1.現在、沖縄防衛局において、埋立承認に付された留意事項に基づき、沖縄県と実施設計協議等を行っており、引き続き適切に対応していくものと承知しています。

2.その上で、本協議は、埋立承認願書等の「設計の概要」に記載のある護岸等が対象であり、「設計の概要」に記載のない海上ヤードについては、本協議の対象外であると認識しています。 

 

3.海に投下する石材が洗浄されておらず、環境保全図書の内容に反していること

3-1.現在、海上ヤード工で投下している基礎捨石の事前の洗浄状況について  

 下の写真は、1月11日の海上ヤード工の基礎捨石投下状況である。捨石の積替えの際、凄まじい白塵が舞い上がっている。

 連日、このような実態が報道されており、投下している捨石は事前に洗浄されていない可能性が強い。 

 この問題につき、沖縄防衛局長は本年1月22日、オール沖縄会議、沖縄選出野党国会議員団の要請行動の際、「海上ヤードの整備に用いる石材は、環境保全図書に基づいて、採石場において洗浄している」、「洗浄時間は、ダンプ1台毎に150秒間」と回答した。

 しかし、ダンプ毎に150秒間も洗浄しておればこのように白塵が舞い上がることはない。

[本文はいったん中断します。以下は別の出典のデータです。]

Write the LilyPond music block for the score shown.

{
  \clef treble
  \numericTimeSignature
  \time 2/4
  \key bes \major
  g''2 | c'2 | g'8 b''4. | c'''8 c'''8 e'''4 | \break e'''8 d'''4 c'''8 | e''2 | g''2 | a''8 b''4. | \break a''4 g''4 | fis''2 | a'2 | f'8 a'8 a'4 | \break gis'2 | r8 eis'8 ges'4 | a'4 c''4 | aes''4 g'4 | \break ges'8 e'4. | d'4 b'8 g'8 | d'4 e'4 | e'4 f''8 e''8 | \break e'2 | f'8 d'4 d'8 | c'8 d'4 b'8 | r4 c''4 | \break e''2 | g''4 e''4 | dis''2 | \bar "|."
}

また、本部塩川港に入ってくるダンプトラックに積まれた石材は乾いており、とても洗浄されているとは思えない。

 洗浄しているというのなら、その状況を示す写真や記録等を提出されたい。

 

<防衛省文書回答>

1.海上ヤードの整備に用いる石材については、埋立変更承認申請書の添付文書である環境保全図書に基づき、採石場において洗浄されたものを使用していると承知しています。

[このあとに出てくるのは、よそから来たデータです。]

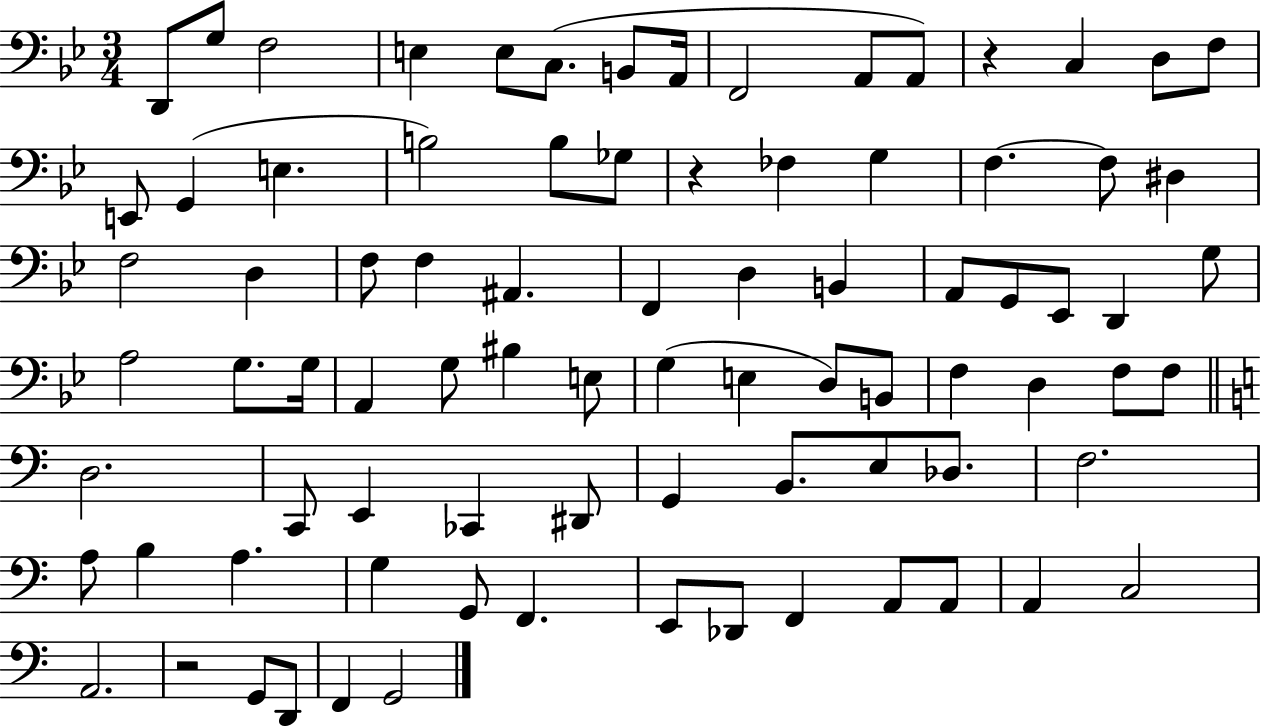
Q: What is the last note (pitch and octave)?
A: G2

2.具体的には、採石場において、洗浄設備を用いて所定の時間(150秒)石材の洗浄を行っているものと承知しています。 

 

<当日の質疑の経過・問題点> 

 防衛省交渉の会場のスクリーンには、白塵が舞い上がっている写真が写された。「150秒間、洗浄しているというのなら、何故、このような白塵が舞い上がるのか」と追及しても、防衛省は、「洗浄しています」というだけだった。 

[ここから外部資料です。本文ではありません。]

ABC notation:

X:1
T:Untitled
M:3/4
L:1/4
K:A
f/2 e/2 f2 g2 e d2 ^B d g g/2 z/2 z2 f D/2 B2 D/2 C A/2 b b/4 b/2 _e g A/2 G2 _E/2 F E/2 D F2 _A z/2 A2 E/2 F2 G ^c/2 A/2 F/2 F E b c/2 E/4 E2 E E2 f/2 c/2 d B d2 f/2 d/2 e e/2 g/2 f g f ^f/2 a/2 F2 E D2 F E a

 防衛局は実際の洗浄の状況を確認をしているのか、その関係資料・写真等を提出されたいと求めた。

 

3-2.K5~K7護岸造成のための石材はシュワブ内の現場で2次洗浄しているか?

 1月中旬以降、キャンプシュワブの工事用ゲートからは、捨石が積んだダンプトラックが入っている。

 これらの捨石はK5~K7護岸造成のためのものと思われるが、現場に仮置きしているので、2次洗浄を行っているか?

 

<防衛省文書回答>

1.海中に投入する基礎捨石については、環境保全図書に基づき、採石場において洗浄されたものを使用していると承知しています。 

 

<当日の質疑の経過・問題点>

 K5~K7護岸の基礎捨石は2次洗浄しているのかという質問に答えていない。

 

3-3.今回契約された工事の特記仕様書に石材の洗浄について記載していないのは何故か?

 以前の「シュワブ(H26)傾斜提護岸新設工事」等の特記仕様書では、「石材の洗浄」が明記されていたが、今回の海上ヤード工の「シュワブ(R5)C1護岸新設等工事」の特記仕様書ではその記載がないのは何故か?

 

<防衛省文書回答>

1.御指摘の工事の特記仕様書において、石材の洗浄について記載しているものと承知しています。

 

<当日の質疑の経過・問題点> 

 「シュワブ(H26)傾斜提護岸新設工事」等の特記仕様書では、「石材は洗浄したものを使用する」と明記されていたが(P12)、今回の海上ヤード工の「シュワブ(R5)C1護岸新設等工事」の特記仕様書には石材の洗浄について記載していない。防衛省の上記回答は事実に反する。

 

4.辺野古側での土砂仮置き工事について

4-1.現在、施工している本部塩川港・安和桟橋から大浦湾への土砂搬送工事は何か?
 「シュワブ(R4)埋立追加工事(1~3工区)」の工期は、当初、昨年6月末までだったが、防衛局はその後も、8月末、11月末、そして本年2月末まで延期し、土砂搬送を続けてきた。昨年9月末時点で318万㎥(辺野古側埋立の必要土量は319万㎥)の土砂投入を終えたが、その後は、「大浦湾埋立土砂を仮置きする『シュワブ(R5)造成工事(1~2工区)』(昨年8月3日契約)ではなく、 『シュワブ(R4)埋立追加工事(1~3工区)』の赤土流出防止対策のための土砂搬送」と主張している。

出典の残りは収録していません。